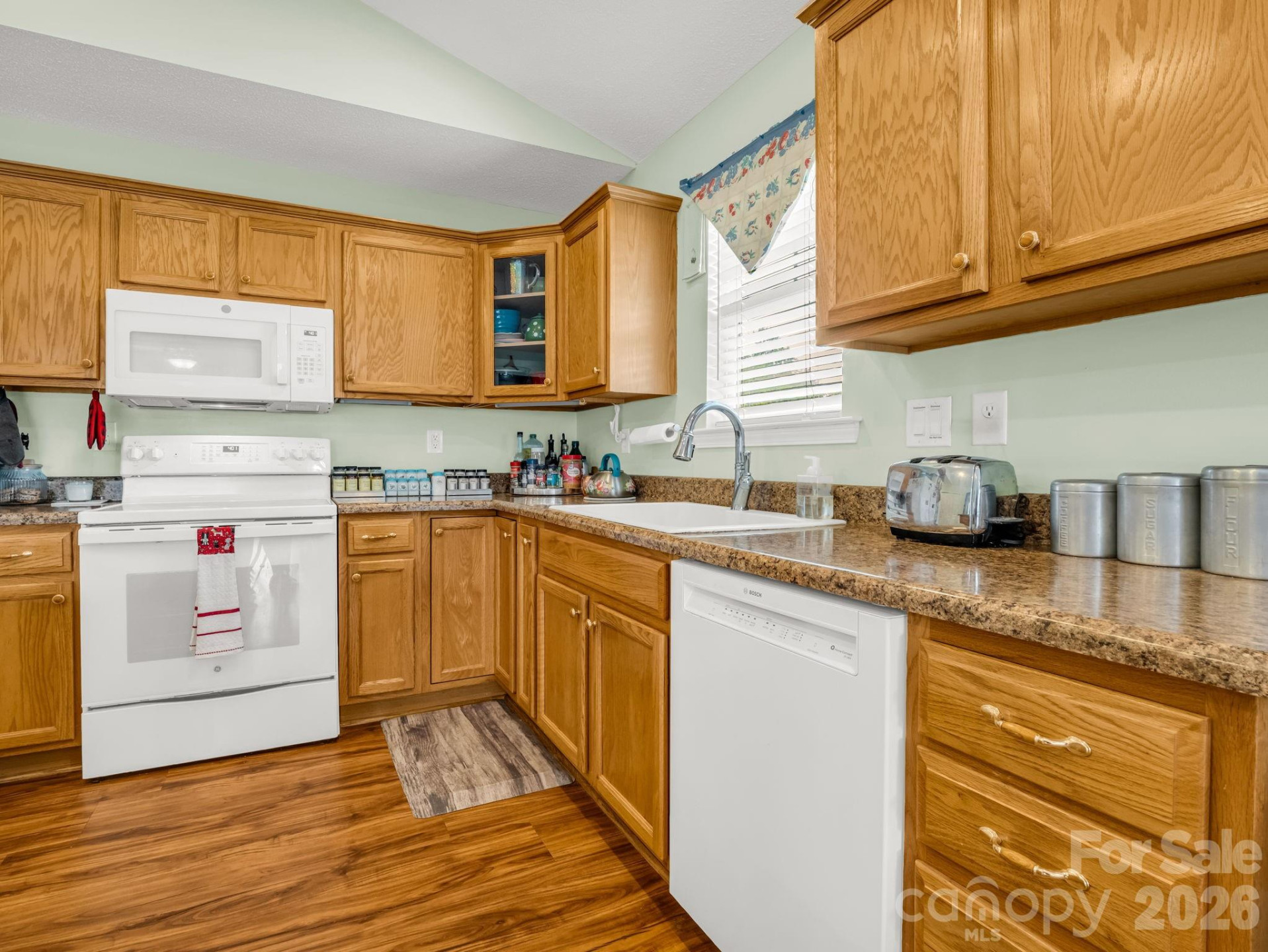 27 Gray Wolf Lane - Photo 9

...

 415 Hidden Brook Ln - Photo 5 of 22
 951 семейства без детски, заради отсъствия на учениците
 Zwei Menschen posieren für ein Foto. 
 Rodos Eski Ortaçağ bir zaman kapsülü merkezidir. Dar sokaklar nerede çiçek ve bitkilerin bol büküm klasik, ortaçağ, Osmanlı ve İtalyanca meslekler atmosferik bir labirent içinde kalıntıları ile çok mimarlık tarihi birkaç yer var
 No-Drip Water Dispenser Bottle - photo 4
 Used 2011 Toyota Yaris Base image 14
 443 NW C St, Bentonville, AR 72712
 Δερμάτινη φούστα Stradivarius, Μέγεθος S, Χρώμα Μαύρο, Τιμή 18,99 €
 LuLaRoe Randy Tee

■ **Instructions for the task**: I'd like the lines above from the one with "Rodos Eski Ortaçağ" up to and including the one with "LuLaRoe Randy Tee" copied exactly, with no other lines.

■ **Your solution**:
 Rodos Eski Ortaçağ bir zaman kapsülü merkezidir. Dar sokaklar nerede çiçek ve bitkilerin bol büküm klasik, ortaçağ, Osmanlı ve İtalyanca meslekler atmosferik bir labirent içinde kalıntıları ile çok mimarlık tarihi birkaç yer var
 No-Drip Water Dispenser Bottle - photo 4
 Used 2011 Toyota Yaris Base image 14
 443 NW C St, Bentonville, AR 72712
 Δερμάτινη φούστα Stradivarius, Μέγεθος S, Χρώμα Μαύρο, Τιμή 18,99 €
 LuLaRoe Randy Tee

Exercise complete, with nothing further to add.